▸ **EXERCISE OBJECTIVE**
Your answer should hold exactly the lines below from the line with "Две женщины участвуют" through the line with "Tote bag with the text Tax the super rich", both included, and no pictures at all.

▸ **DATA RECORDS**
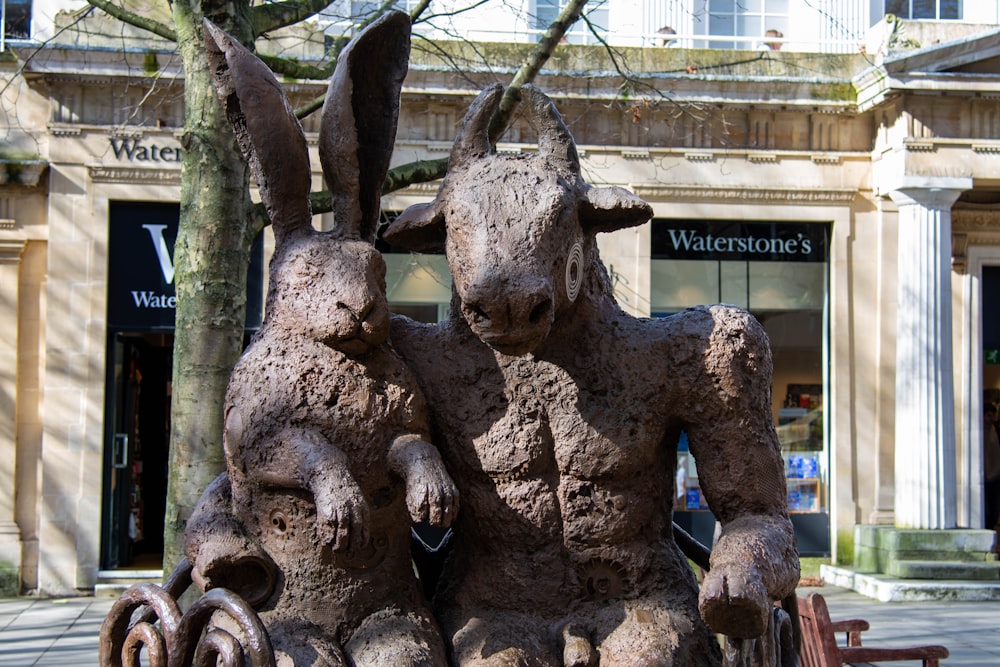a statue of two rabbits sitting next to each other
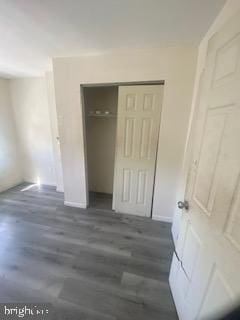 1047 W Nevada St, Philadelphia, PA 19133 - unfurnished bedroom with a closet, baseboards, and wood finished floors
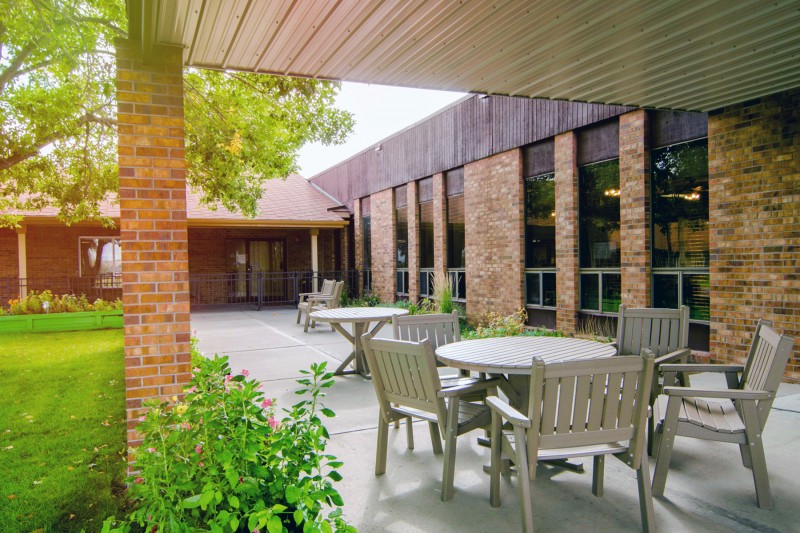 An outdoor patio area with tables and chairs adjacent to a brick building.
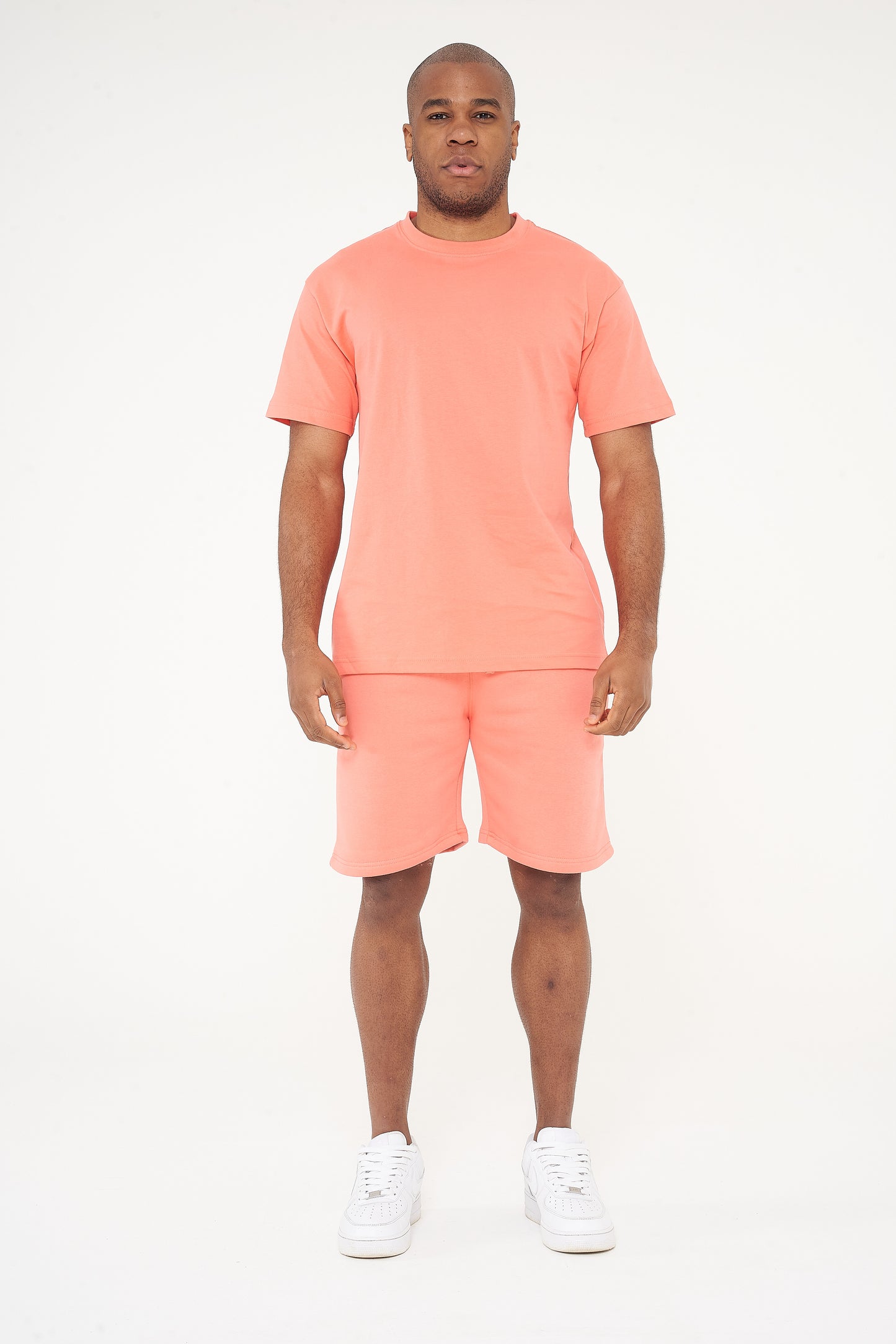 Male model side view wearing coral 365 fleece shorts and matching T-shirt – relaxed fit, 365 Collection. 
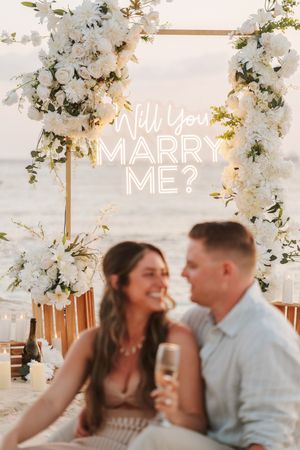 Couple smiling at beach proposal setup with white floral arch and Will You Marry Me neon sign.
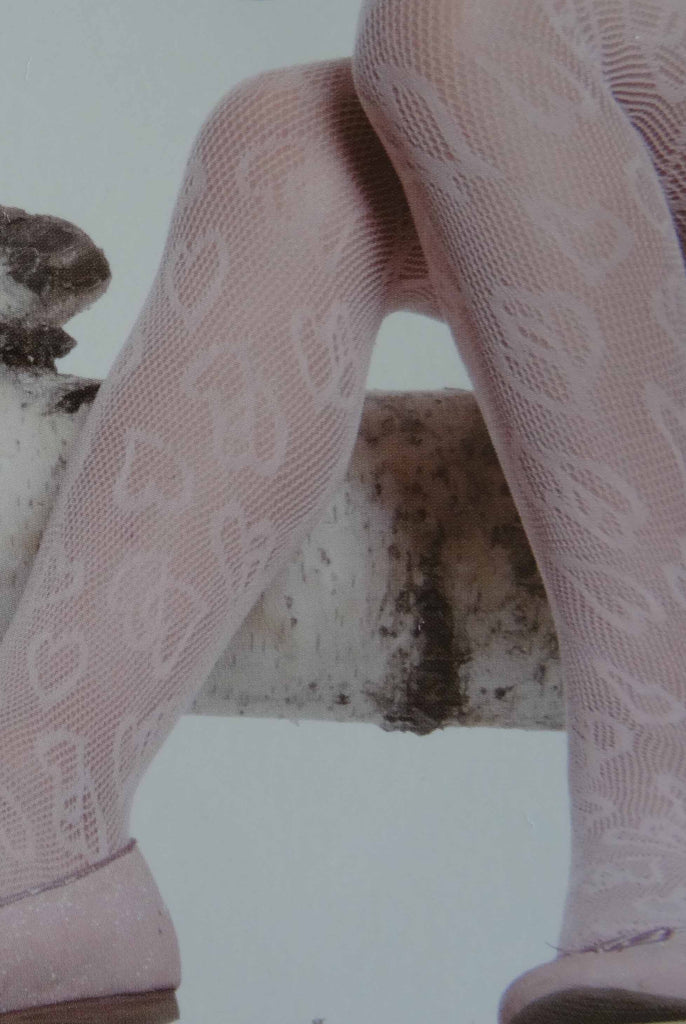 Close up of girls' legs in a sitting position wearing heart pattern lace mesh tights.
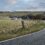 A winding road curves through a rural landscape with grassy fields, a small village in the distance, and partly cloudy skies overhead.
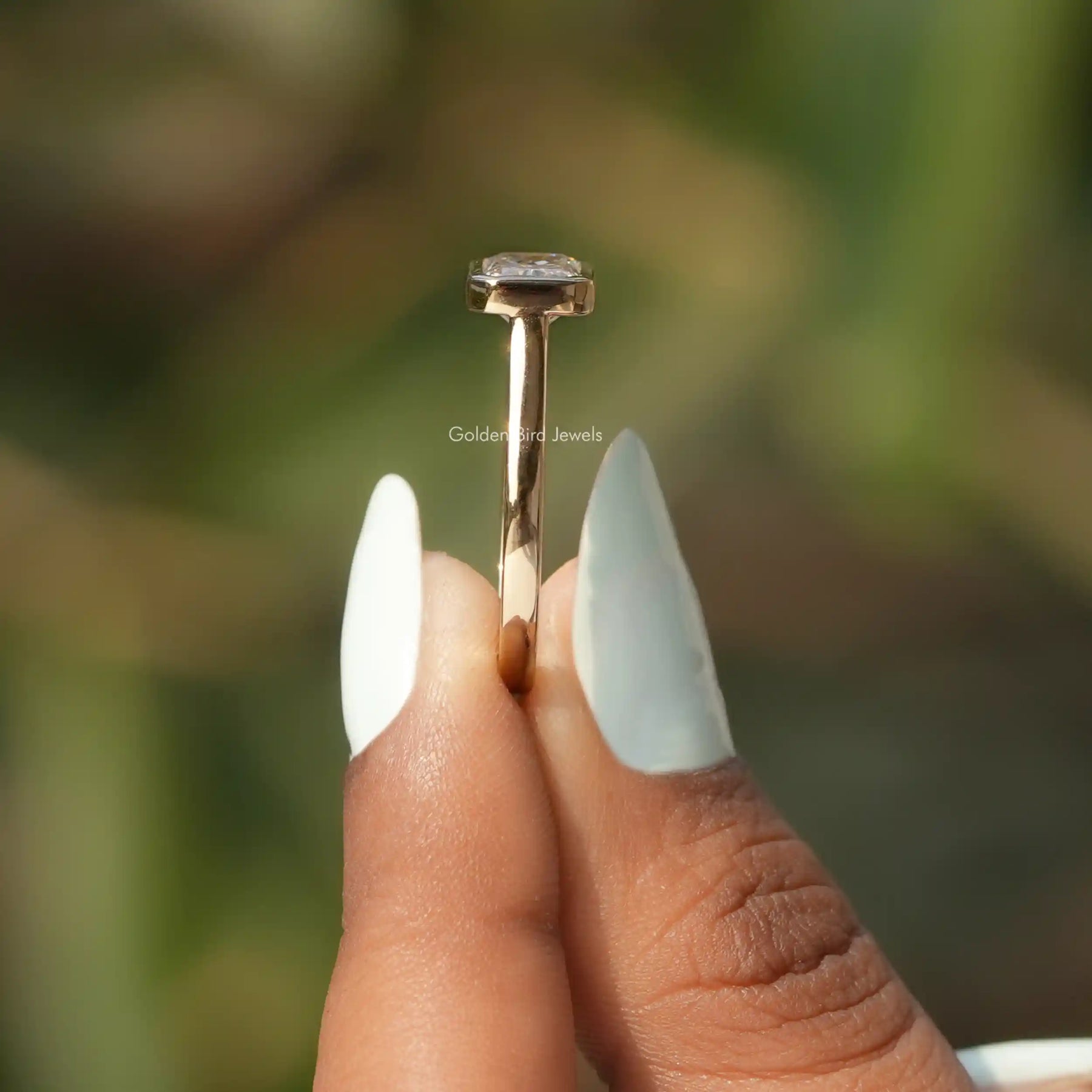 Side View of Radiant Cut Solitaire Engagement Ring In two fingers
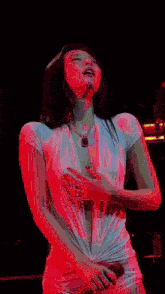 a woman in a very revealing white dress is dancing on a stage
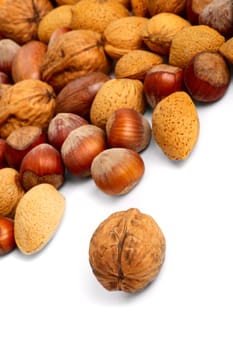 Scattered miscellaneous nuts on white background. Close-up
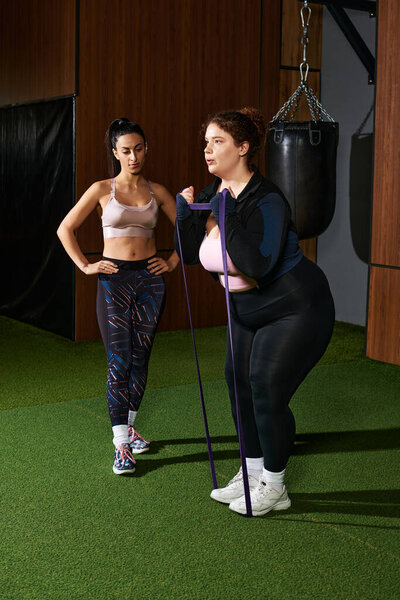 Две женщины участвуют в тренировке, одна тренирует другую в техниках тренировки сопротивления..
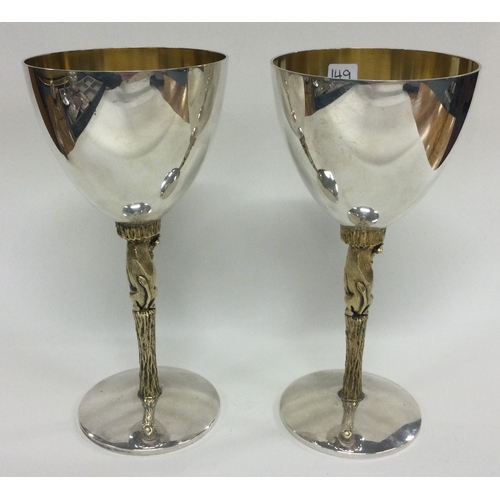 149 - STUART DEVLIN: A good pair of commemorative Silver Jubilee silver and silver gilt goblets with ram s... 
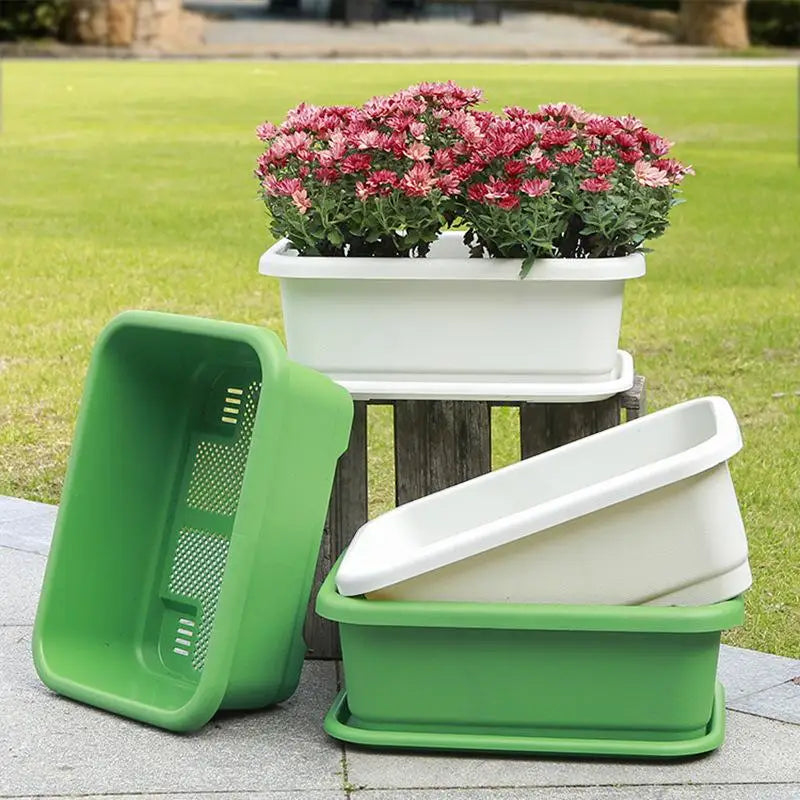 Green and white rectangular planter pots with matching trays, set on patio surface
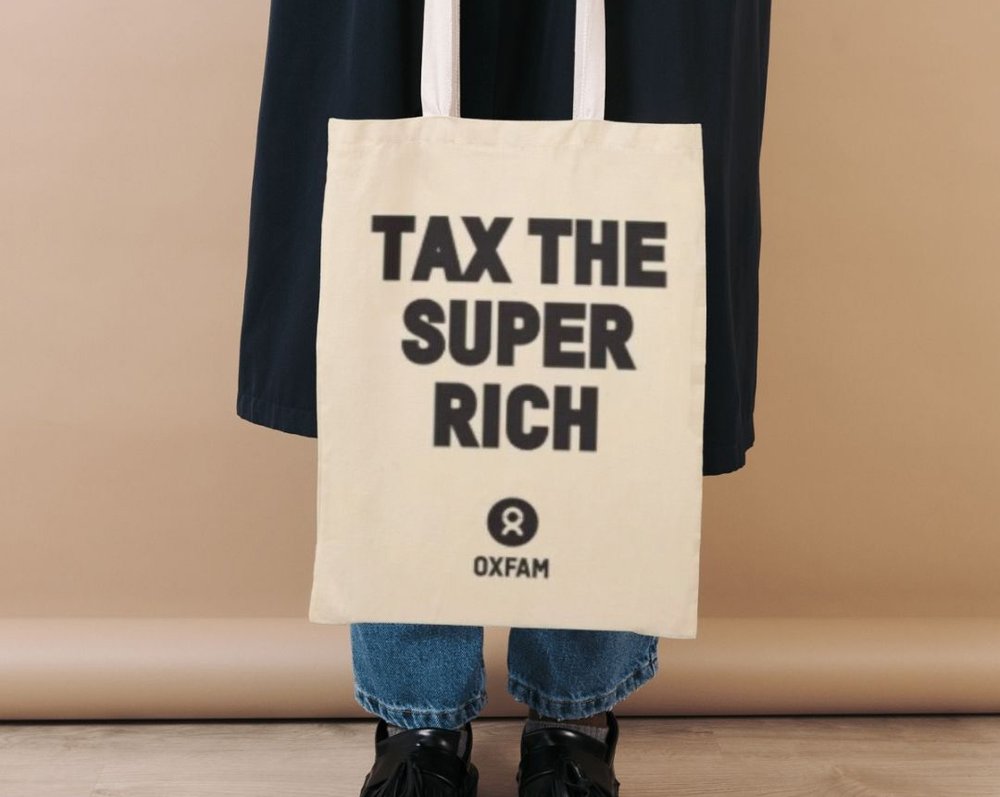 Tote bag with the text Tax the super rich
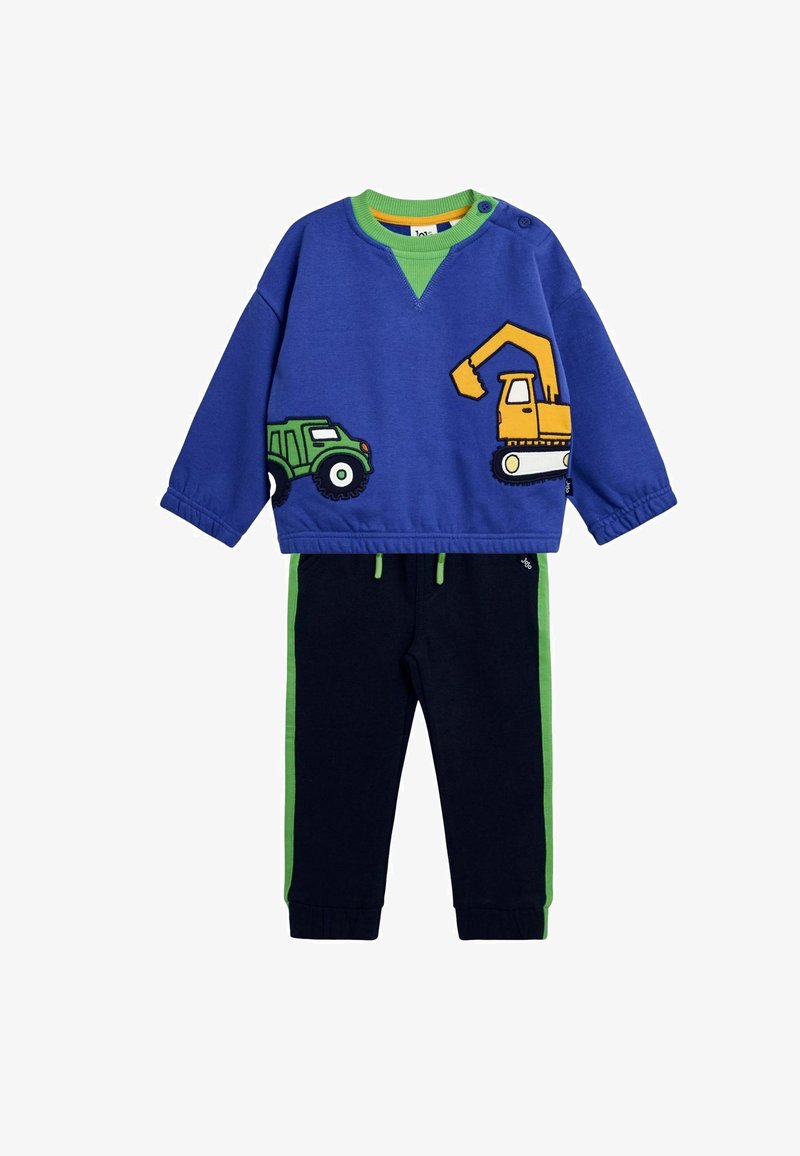 Zils džemperis ar zaļiem akcentiem, uz kura attēloti kravas auto un ekskavatora grafikas, savienots ar tumši ziliem biksēm ar zaļām sānu svītrām.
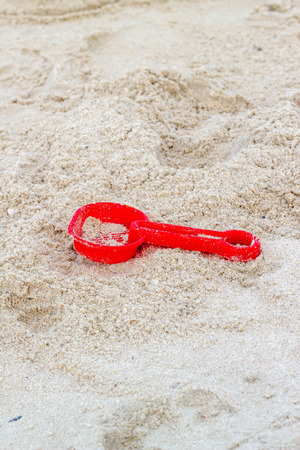 red sand scoop on the sandの写真素材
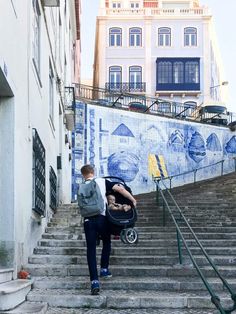 a man walking up some stairs with a baby in a stroller on his back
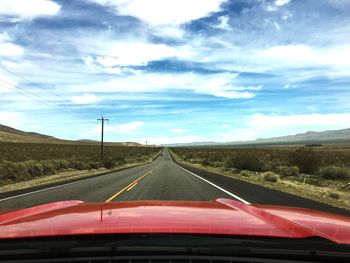 Road by landscape against sky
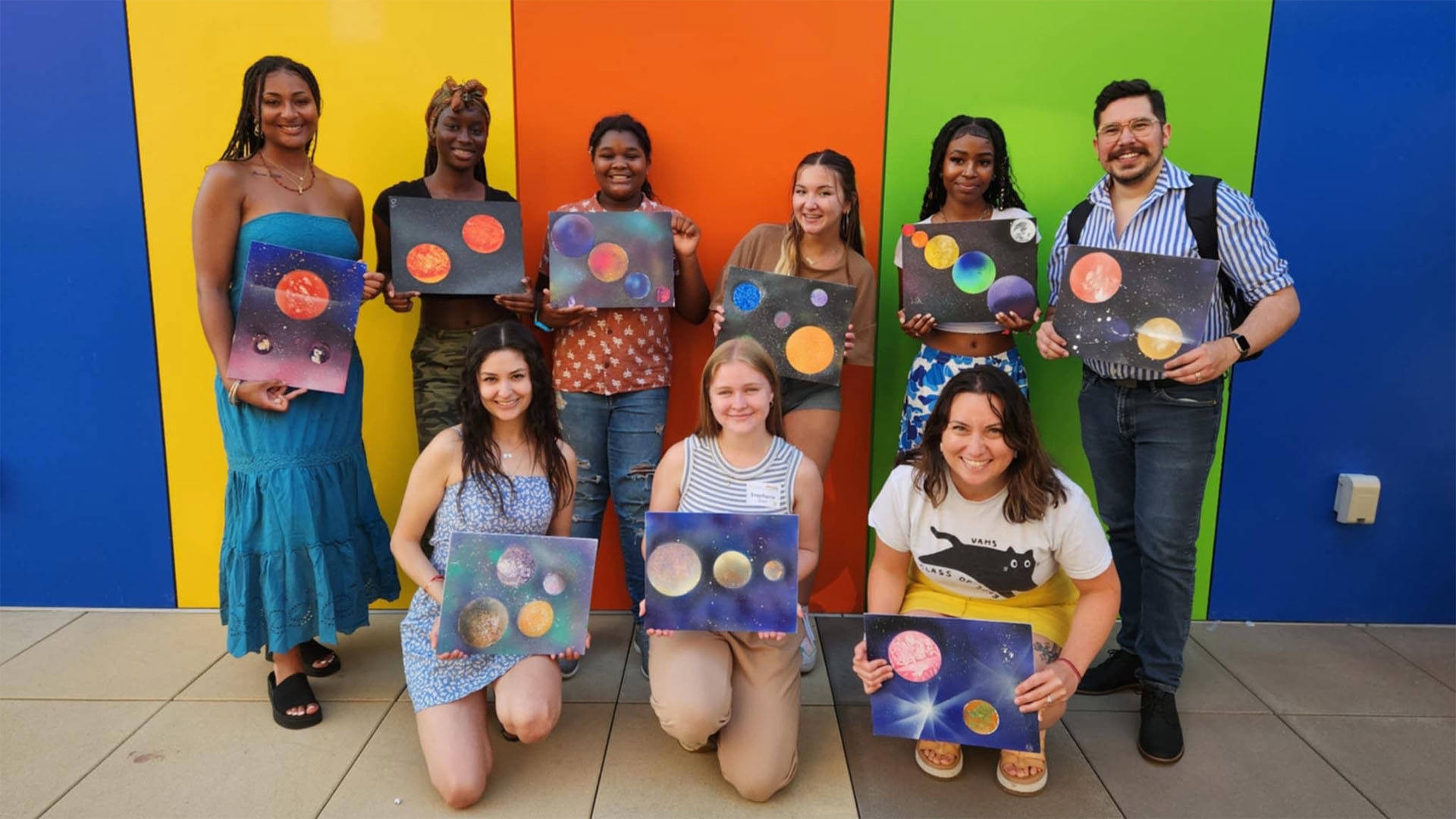 students posing for a photo, holding colorful pieces of painted art.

▸ **ANSWER BOX**
 Две женщины участвуют в тренировке, одна тренирует другую в техниках тренировки сопротивления..
 149 - STUART DEVLIN: A good pair of commemorative Silver Jubilee silver and silver gilt goblets with ram s... 
 Green and white rectangular planter pots with matching trays, set on patio surface
 Tote bag with the text Tax the super rich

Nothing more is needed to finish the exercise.